Predicting the future is all about time
Predicting what is going to happen is easy. The hard part is predicting when it is going to happen.
There is a set of forces that are not immutable, but that are at the very least, slow to change. These forces drive us in particular directions. Some of these forces spring from human nature. Some from the fundamentals of our current economic system. If you understand properly where we are today, and how these forces drive us, then like a sailor plotting a course driven by the prevailing winds, you can make a pretty good shout about where we might end up.
This rather Newtonian approach to prediction doesn’t work for everything. It’s much better at the macro than the micro. But it is this approach that tells me that at some point, machines will replace humans in a lot of jobs. It underpins my long term optimism but also drives my short term pessimism. But it does very little to tell me when things will happen. Because time is beyond the control of these primary forces.
If you look back at the predictions of the past – ones at which we frequently laugh – I often find that what they got wrong was not the destination but the journey time. The paperless office? It’s coming, but slowly. Office paper sales are dropping about 2% a year, or they were the last time I spoke to someone in the industry about it. We probably won’t be totally paperless (or near enough so as not to count) for at least a decade or two yet.
What about flying cars? We’ll get there in one form or another over the next few years, though they won’t be mass market items for a good few years after that – if ever. They will exist, just not on the timescale any previous forecaster expected.

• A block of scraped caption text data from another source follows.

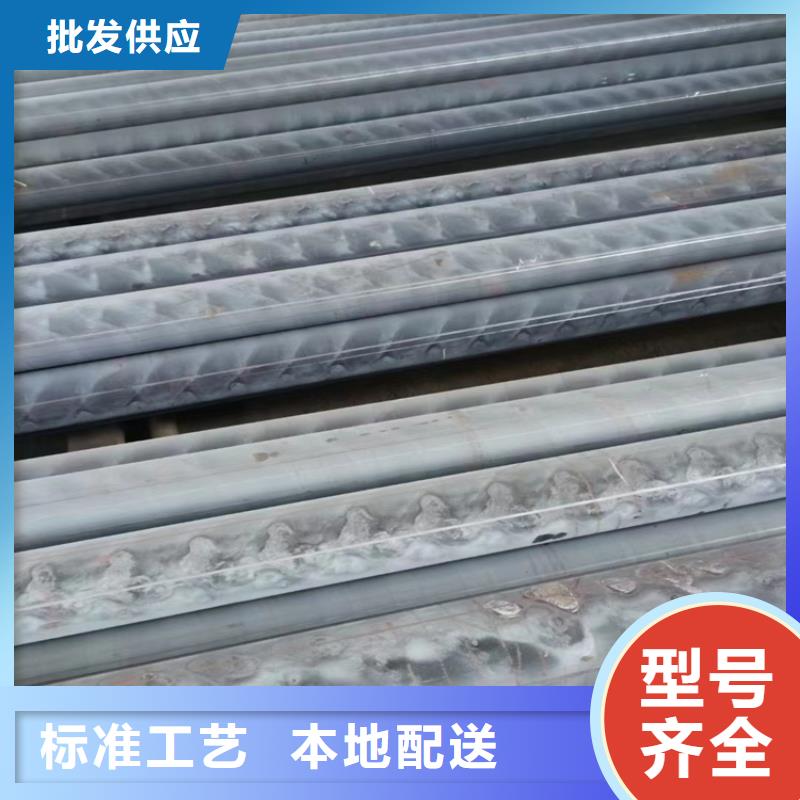 球墨铸铁型材,N200球墨铸铁管客户信赖的厂家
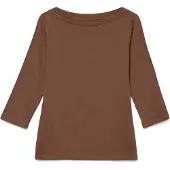 Vero Moda Vmpanda naisten paita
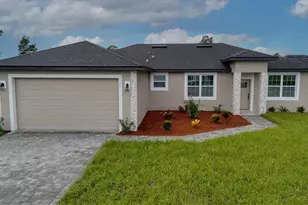 4749 Myrtle Beach Dr, Sebring, FL 33872 - Photo 1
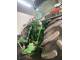 Трактор John Deere 8335R (2013)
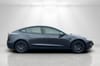 2 thumbnail image of  2025 Tesla Model 3 Long Range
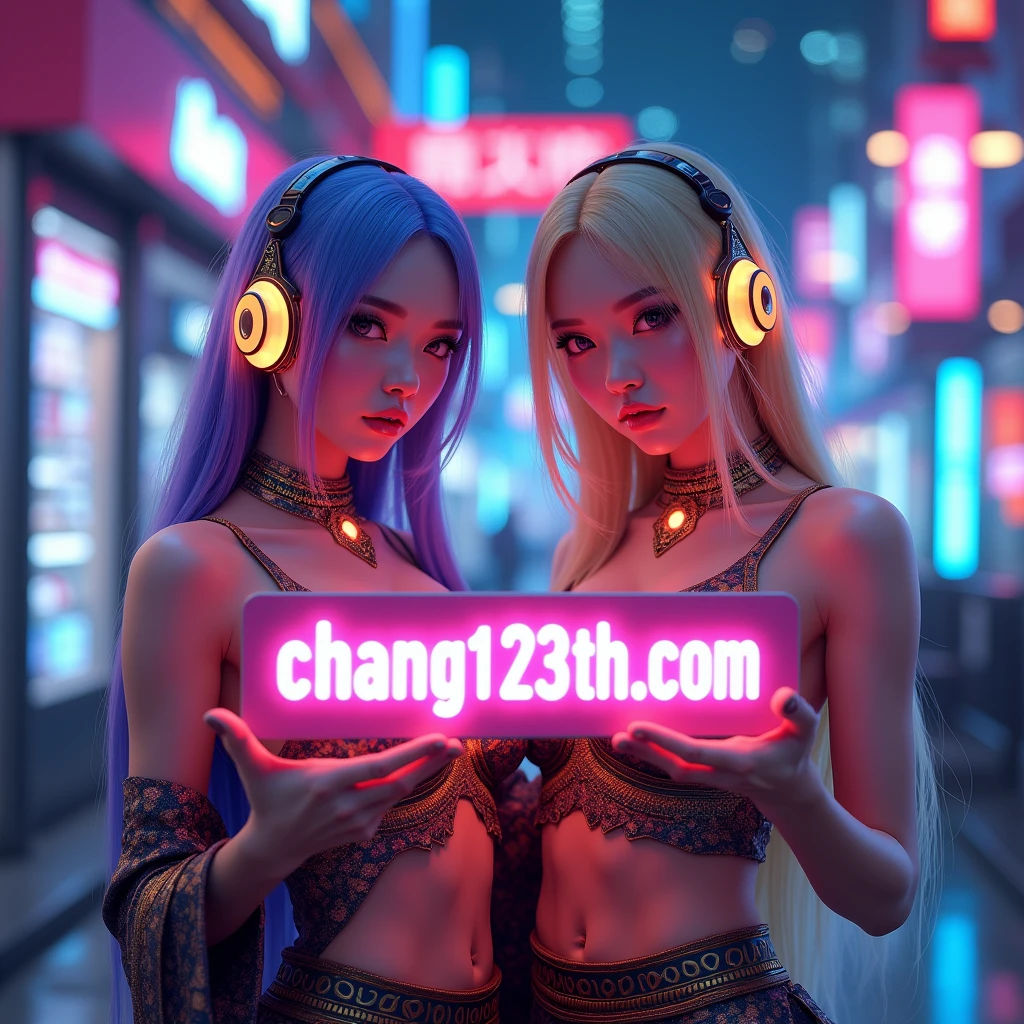 PARIS879 🚀 แบรนด์แฟชั่นแนวอาร์ตสำหรับคนมีสไตล์เฉพาะตัว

Could we have had flying cars before now? Or the paperless office? Both were plausible, if we had improved certain technologies more and adopted them faster. But the speed at which we make the relevant research leaps, development investments, policy shifts, and cultural adaptations to certain changes is deeply unpredictable. Because they exist in the realm of human collective behaviour with a multitude of conflicting forces. To come back to my ship analogy, we can see the start and end points and plot a rough path, but there is a storm along this path. How long it takes the ship to navigate that storm is deeply unpredictable.
When we cast out into the relatively far future, say 30 years and beyond, we can make some assumptions that whatever the scale of the storm, some ships will have navigated their way by this point. We’ll often be wrong though, which is why when looking to the far future we often imagine multiple scenarios.
Looking to the near future, we can see our ships emerging from the storm. We can see where they have already made port, to stretch my analogy even further. The industries and sectors and aspects of life that have already been touched by these new trends or technologies. Our challenge is to understand when they will reach our particular sector, the one for which we are trying to make predictions. This is why we look for pressure points, the issues that determine how great the impact of the incoming change might be on our target sector or organisation. The more disruptive a change is likely to be, the more attention we must pay it.